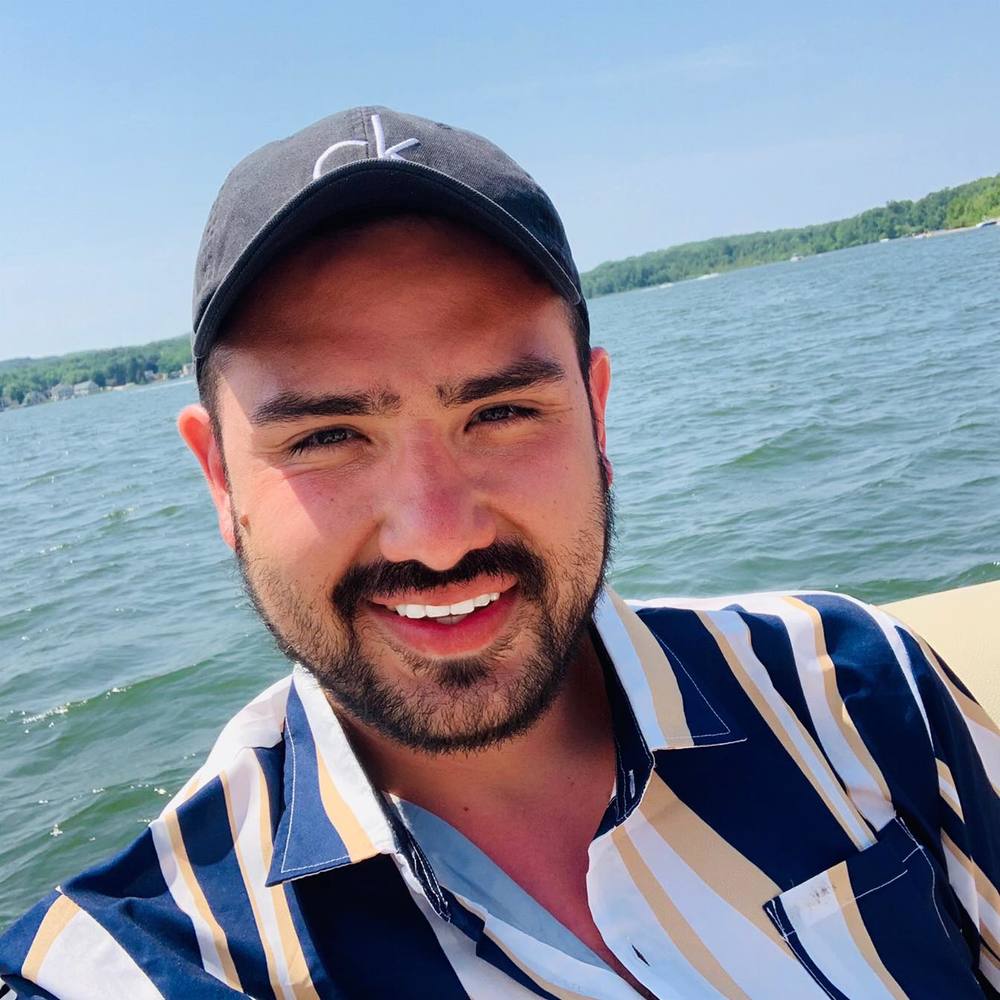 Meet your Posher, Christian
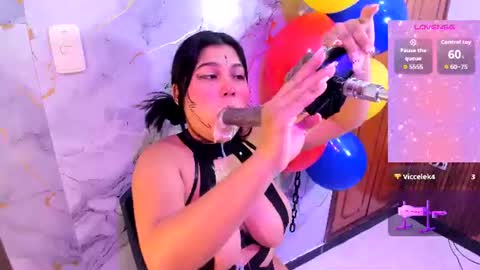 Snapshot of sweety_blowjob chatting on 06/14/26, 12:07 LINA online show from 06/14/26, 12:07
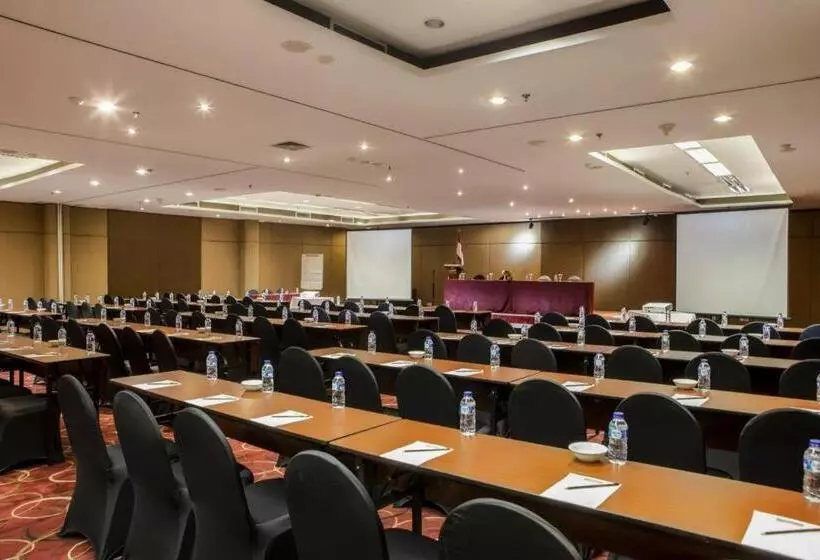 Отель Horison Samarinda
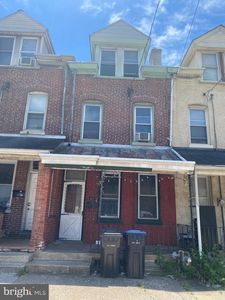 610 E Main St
##########
— Assignment —
Word for word, print all of the data; skip the pictures.

— Problem solution —
 Meet your Posher, Christian
 Snapshot of sweety_blowjob chatting on 06/14/26, 12:07 LINA online show from 06/14/26, 12:07
 Отель Horison Samarinda
 610 E Main St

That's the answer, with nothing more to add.